Until now, doctors have relied on risk factors such as cholesterol, blood pressure, smoking and family history to try to predict which patients are at elevated risk.  While this can identify the small percentage of the population that is at highest risk, most heart attacks and strokes occur in those classified by this method as low or intermediate risk.  Consequently, many at-risk individuals are never offered preventive treatment. Others are incorrectly classified as high risk and are unnecessarily treated with drug therapy for the rest of their lives.

The SHAPE Guidelines moves the emphasis away from cholesterol and other risk factors and recommends non-invasive imaging of the arteries to measure the actual presence or absence of atherosclerosis as the primary means for determining the need for treatment.

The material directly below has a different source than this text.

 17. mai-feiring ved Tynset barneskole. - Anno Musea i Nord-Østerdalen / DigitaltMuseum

According to Dr. Rumberger, “almost all vulnerable patients have detectable plaque in their arteries and we now possess the tools to identify it years before their heart attack or stroke.”  The SHAPE Guideline calls for noninvasive screening, with 64-Slice CT Heart Scans to detect coronary calcium or Carotid Artery Ultrasound, of all men 45-75 years of age and women 55-75 years of age to detect and treat those with asymptomatic atherosclerosis.

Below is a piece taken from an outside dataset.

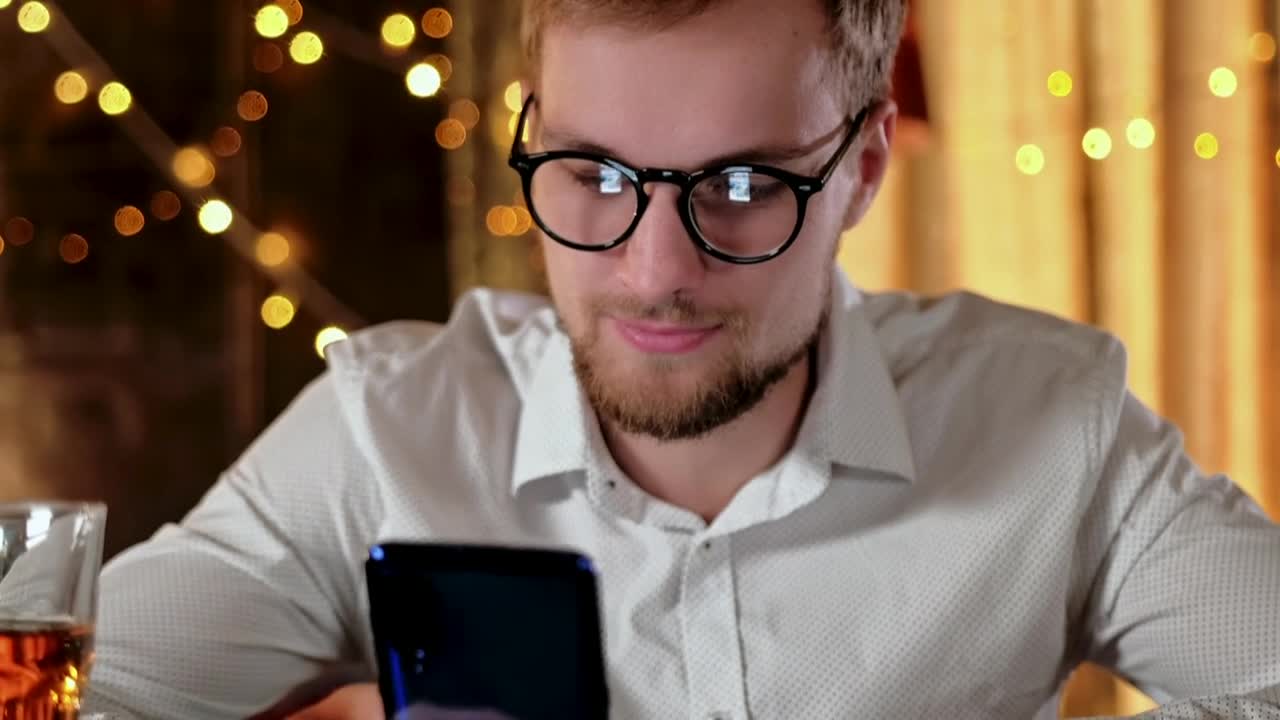 Stock Video Man On Mobile Phone With Whisky And Bokeh Light Animated Wallpaper - Free Download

Dr. David Fein, Medical Director of the Princeton Longevity Center states.”64 Slice CT Heart Scans allow us to see who actually has cardiovascular disease and who doesn’t.  That means we can treat the right patients and avoid using drugs for those who are not making plaque even if they have high cholesterol levels.  Treating patients for coronary disease without imaging the arteries is like treating hypertension with checking the blood pressure”.

A major advantage of the SHAPE Guidelines over the existing guidelines is the ability to more accurately identify those who are at risk and initiate effective treatment to prevent a patient’s first heart attack or stroke.  Approximately 25 million men and 20 million women would now qualify for treatment with statins as a result of early detection of high risk vascular disease.

In addition to a dramatic decline in cardiovascular mortality and disability, the shift from treatment of symptomatic disease to effective prevention is also expected to result in a substantial cost savings.  The Task Force estimates that the potential saving at more than $21 billion per year.